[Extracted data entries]

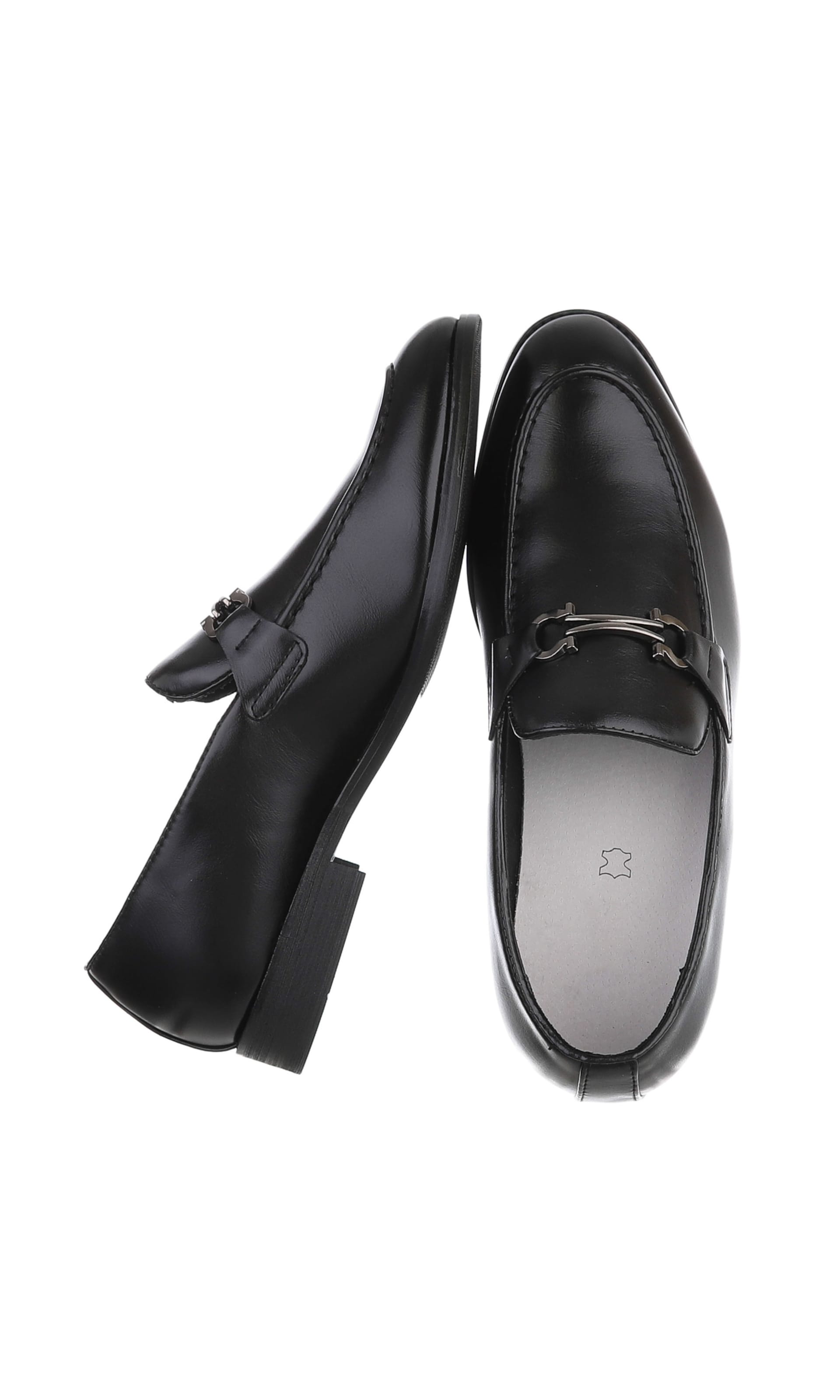 CoolWalk Slipper in Schwarz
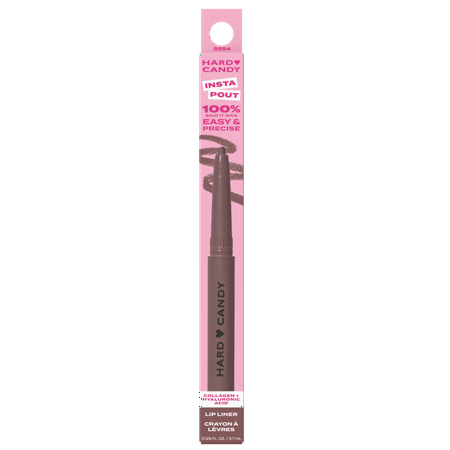 Hard Candy, Insta Pout Lip Liner, First Move, 0.33 oz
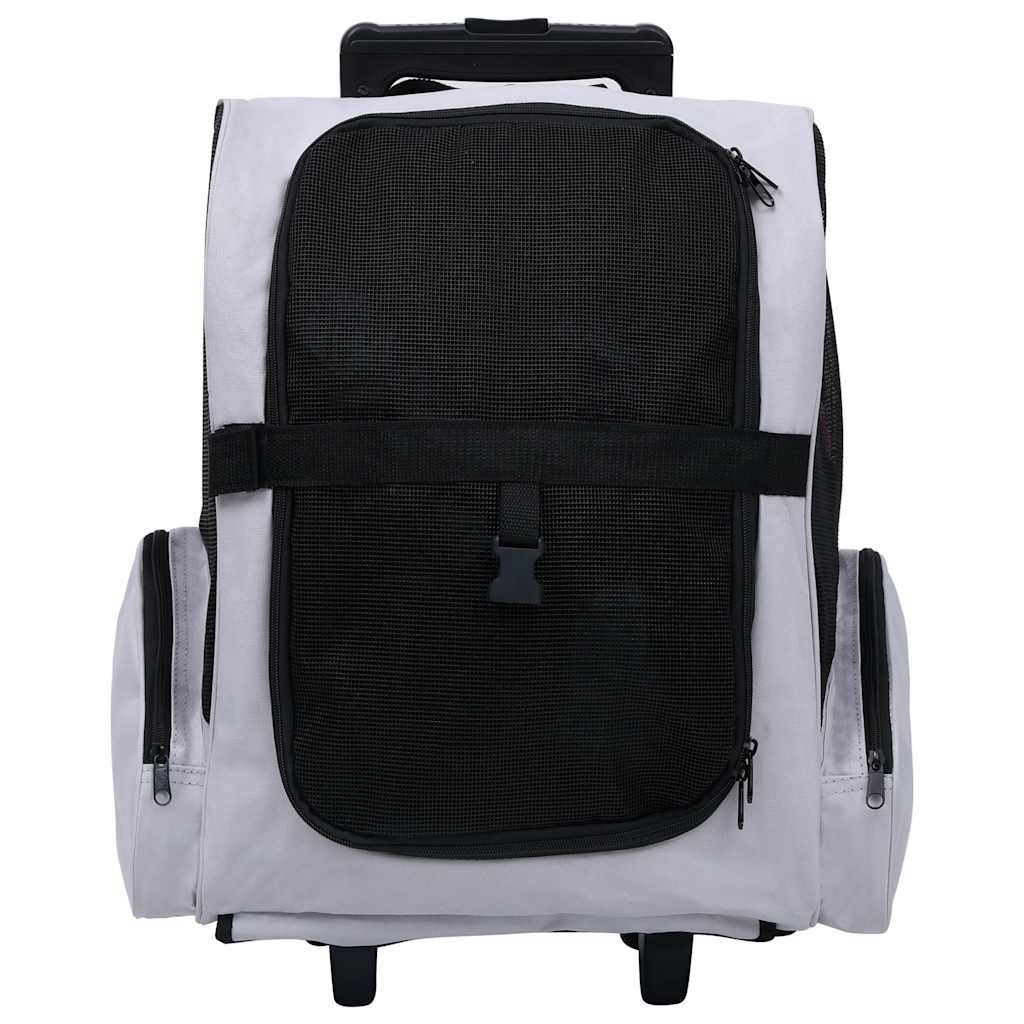 Trolley Für Haustiere 3-In-1 Faltbar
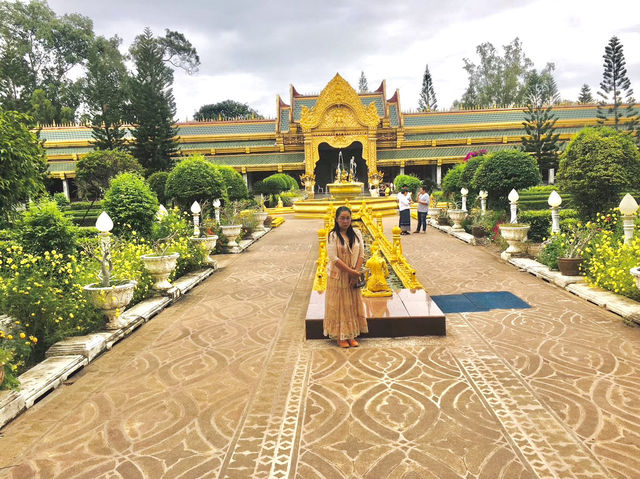 พระมหาเจดีย์ชัยมงคล 101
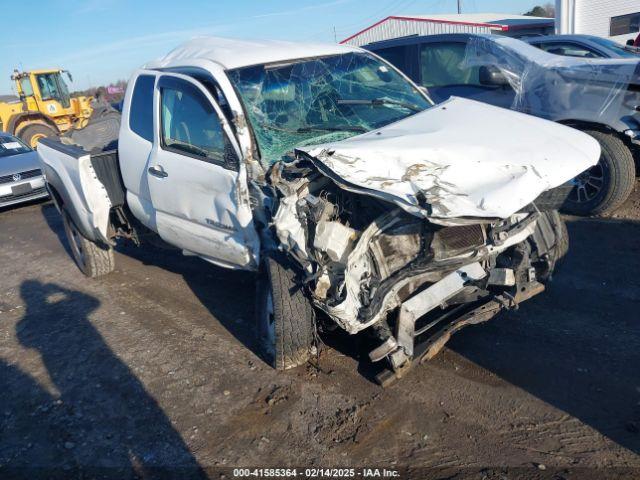  Salvage Toyota Tacoma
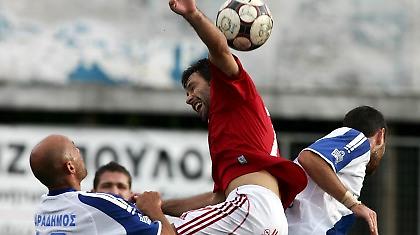 Γ’ Εθνική: «Αεράτες» Παναχαϊκή και Επανωμή...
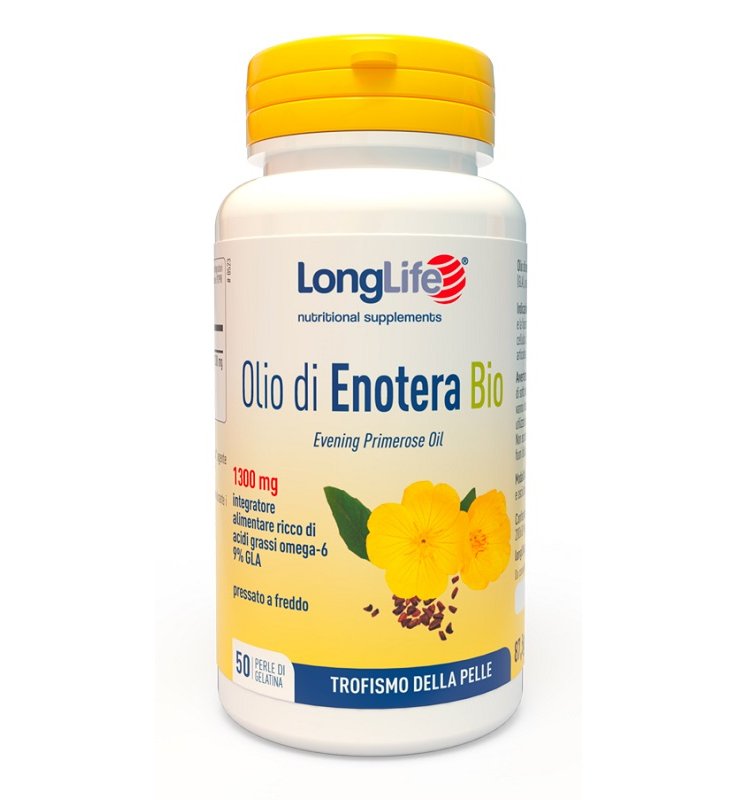 LONGLIFE OLIO ENOTERA 50 Perle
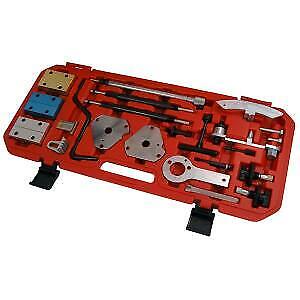 Fiat Alfa Romeo Engine Master Timing Tool Kit 35pc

Required work = Return every entry above word for word, and include no images.

Output of the task =
 CoolWalk Slipper in Schwarz
 Hard Candy, Insta Pout Lip Liner, First Move, 0.33 oz
 Trolley Für Haustiere 3-In-1 Faltbar
 พระมหาเจดีย์ชัยมงคล 101
  Salvage Toyota Tacoma
 Γ’ Εθνική: «Αεράτες» Παναχαϊκή και Επανωμή...
 LONGLIFE OLIO ENOTERA 50 Perle
 Fiat Alfa Romeo Engine Master Timing Tool Kit 35pc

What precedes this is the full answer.